The Patriarch's godson interrupts: "Theater. He's a theater actor." Non-plussed, the Patriarch responds. "Exactly. Un canta-mananas."

Later that evening, I ask my in-laws about the exact nuance of "canta mananas," literally "sings in the morning," promises much, but delivers nothing. The English equivalent of "good for nothing" doesn't seem to quite fit.

"Yes, well "canta mananas" does convey more happiness than "pela gatos," my father-in-law reflects.
"Pela gatos? You mean cat-peeler? How does one peel a cat?"
"Ridiculous, but colorful. That also means one who does nothing, but with a nuance of low social standing."
My mother-in-law adds. Yes, it's not like "Un Viva La Virgen."
"One who shouts 'Long Live the Virgen?'"
"Yes, you know in those religious processions. There are those who carry the cross. And those on the sidelines who shout "Long Live the Virgen." Someone who lives life as a tourist."
My husband remarks. "Supposedly the Eskimos have twenty different words for snow. Well, they've got a lot of snow.
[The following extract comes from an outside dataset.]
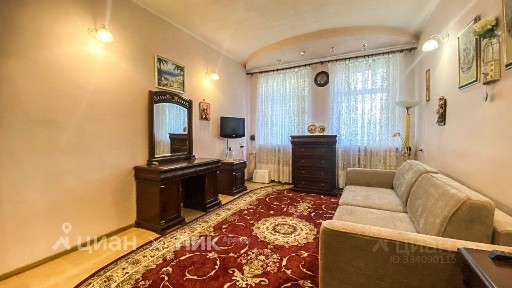 Сдается 2-комн. квартира, 54,6 м²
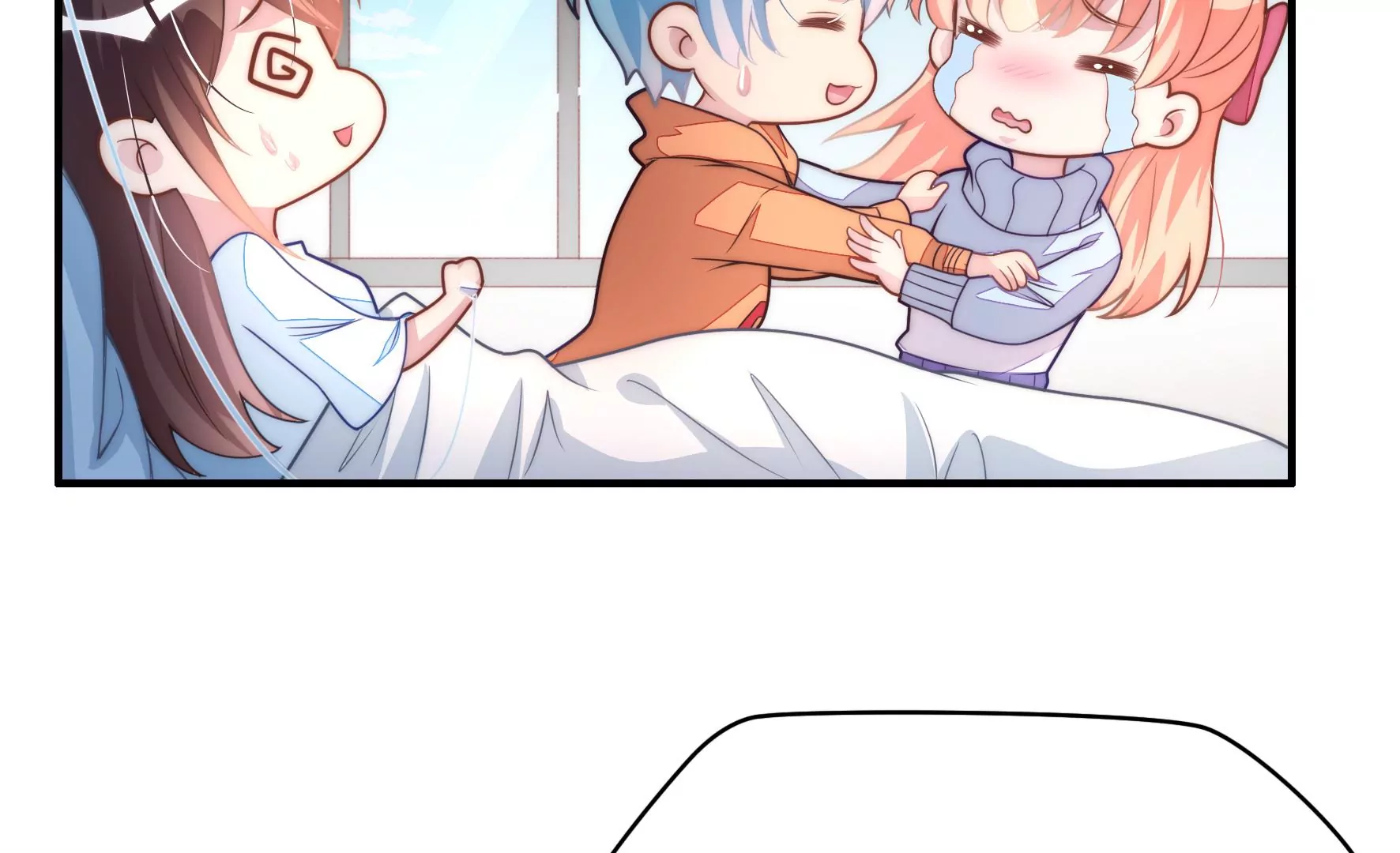 第86话 热闹的探病(1/2)-第88话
You've got to wonder about a language that has so many expressions for doing nothing."

Back to lunch and the Patriarch.
Someone asks him about the extent of his property.
"A couple thousand meters squared. Several years ago a man came and offered me twenty thousand pesetas for this land."
Another person interjects "It's probably worth ten times that today."
The Patriarch reflects: "Perhaps. The point is that at that time I had a police dog on the property. I told the would-be buyer. Yes, well there's only one problem. If I sold you my land, where would I put my dog?"

At quarter of six, the Patriarch graciously rises. "Delighted to meet you my dear, but I must go now. Lovely to have so many people here and all, but it's quite tired me out." He swats away a fly. "Quite exhausting. Yes, it's time to tuck in for a little nap."